L’hôtel s’appelait : Angel Hotel. C’était un vieil hôtel, ayant plutôt le caractère d’une pension de famille. Je me souviens que, le soir du jour où mon père, qui m’avait amené, était reparti, la maîtresse de l’hôtel s’approcha de moi maternellement pour consoler ma solitude. Le propriétaire du Clarendon Hotel, où je suis descendu et où il y a une vaste salle à manger avec un orchestre qui joue des valses, n’en ferait certainement pas autant pour un jeune étudiant. J’avais cherché l’Angel Hotel dans mon guide d’Oxford, je ne l’avais point trouvé. À Oxford même, je m’étais enquis. On me répondit qu’il était détruit depuis longtemps. Cependant un vieil Oxonianv à côté duquel le hasard me fait dîner à l’hôtel, me dit que la salle à manger de l’hôtel existe encore, mais qu’elle a été transformée en une grande épicerie, dont le propriétaire a la spécialité de certaine marmelade fort recherchée. C’est par une visite à cette épicerie que, le lendemain de la cérémonie, de bon matin, je commence mon pèlerinage. On m’avait exactement renseigné. L’épicerie est bien installée dans les dépendances de l’hôtel ; le patron me fait admirer, non sans quelque orgueil quatre colonnes de simili-marbre jaune qui décoraient l’ancienne salle à manger de l’hôtel, qu’il a conservées ; fort obligeamment même, il dérange un certain nombre de pots de marmelade pour me faire voir le vieux papier gaufré qui n’a pas été enlevé. Je m’en vais très satisfait d’avoir ainsi retrouvé quelques vestiges de mon ancien hôtel et enviant un pays où même les épiciers ont le respect du passé.

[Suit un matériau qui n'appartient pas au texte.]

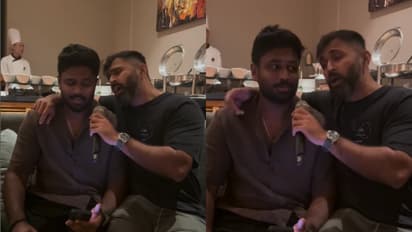 IND vs ENG: Samson and Abhishek sing 'Pehla Nasha' together during team bonding ahead of 1st T20I (WATCH)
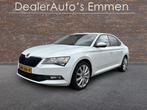 Skoda Superb 1.4 TSI ECC LM VELGEN NAVIGATIE CRUISE, 65 €/maand, Gebruikt, 4 cilinders, Wit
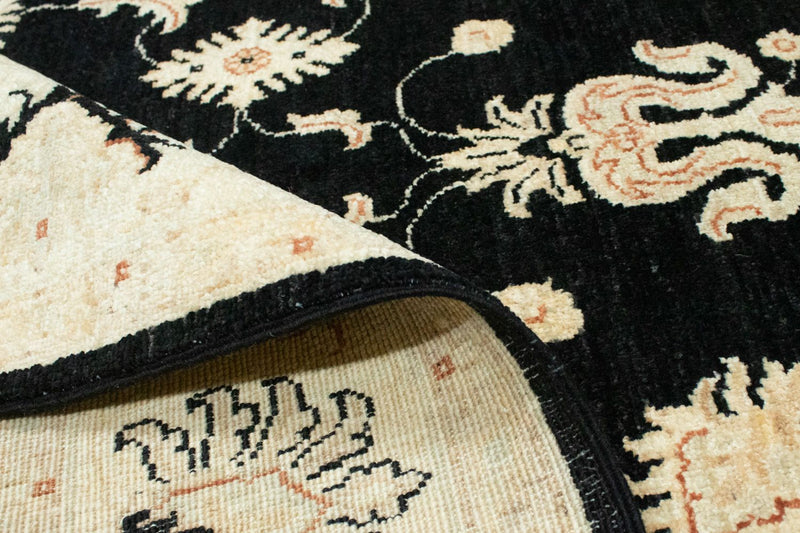 Ziegler Rug - 205 x 143 cm - black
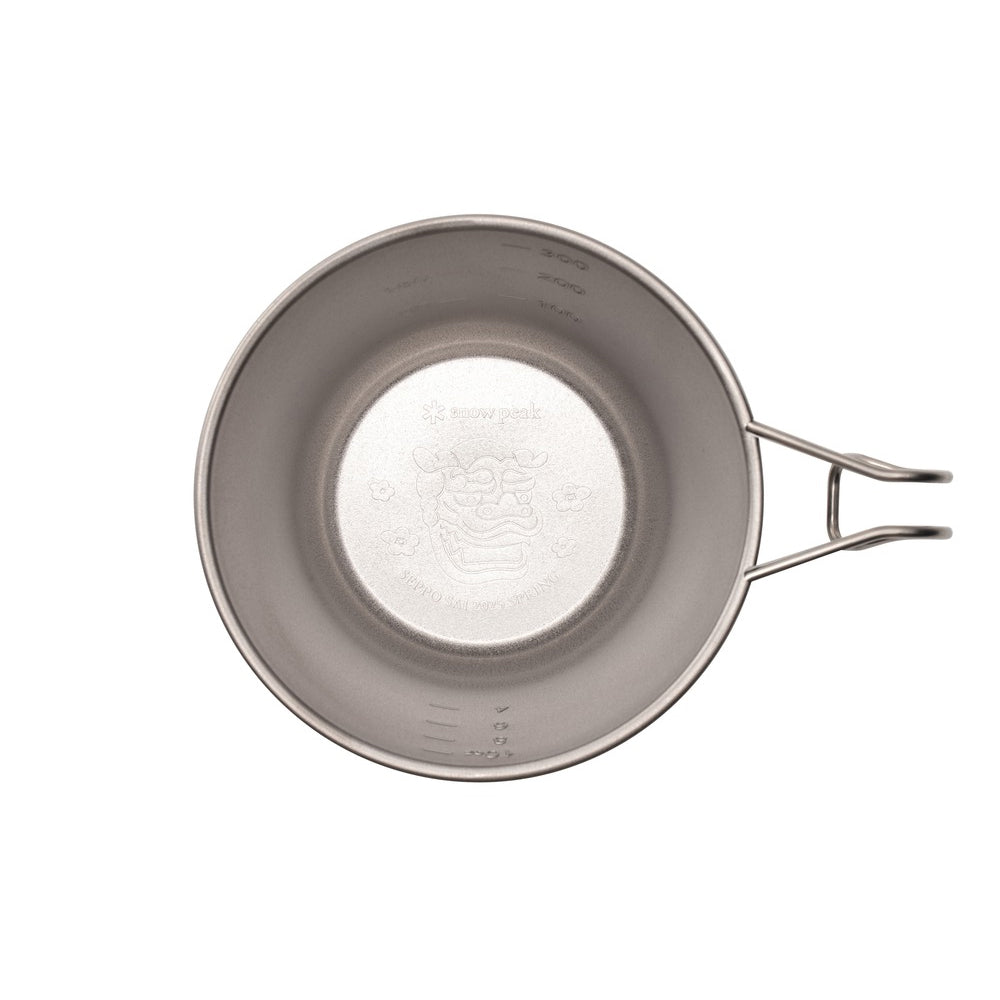 Snow Peak E-104 Tazza Da Campeggio In Titanio – Backpacker's Cup Originale Giappone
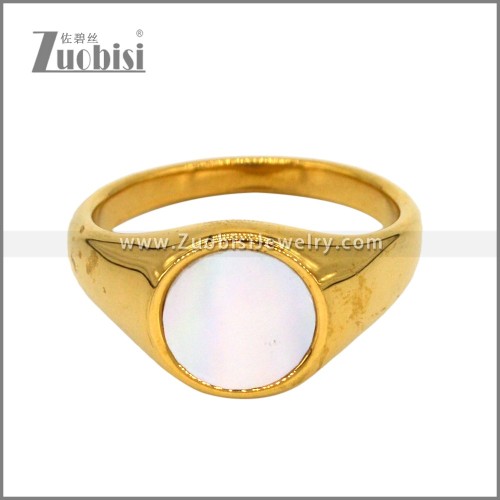 Stainless Steel Ring r009671G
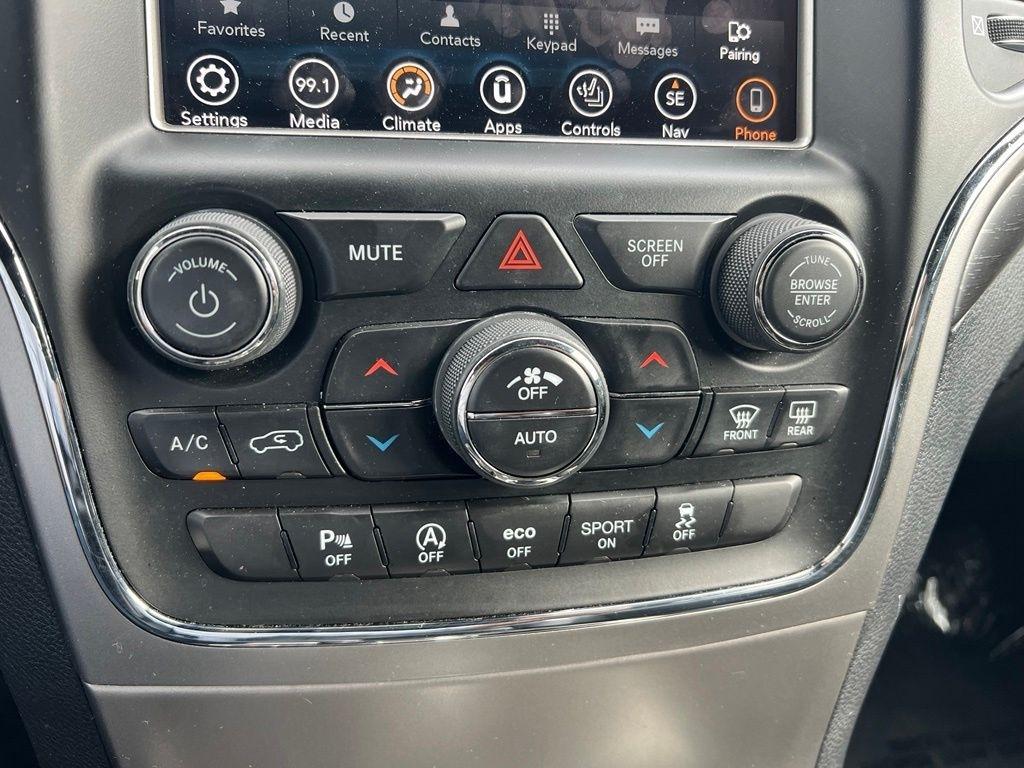 Jeep Grand Cherokee Altitude 4x4 2018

Une chose me tenait beaucoup plus à cœur : c’était de retrouver la maison où j’avais passé quelques mois chez un tuteur. Cette maison s’appelait : Grand Pont House. J’étais bien sûr de retrouver l’emplacement car elle était située au-delà d’un pont jeté sur un des bras de la Tamise dont Oxford est enserré et qui s’appelle : Folley Bridge. Mais je tremblais qu’elle aussi n’eût été démolie, ce qui, pour moi, eût marqué davantage encore que la démolition de l’Angel Hotel la fuite du temps. C’est ma première impression lorsque, ayant franchi Folley Bridge, j’aperçois d’assez vilaines constructions, moitié en planches, moitié en plâtre, sur le bord même de la rivière.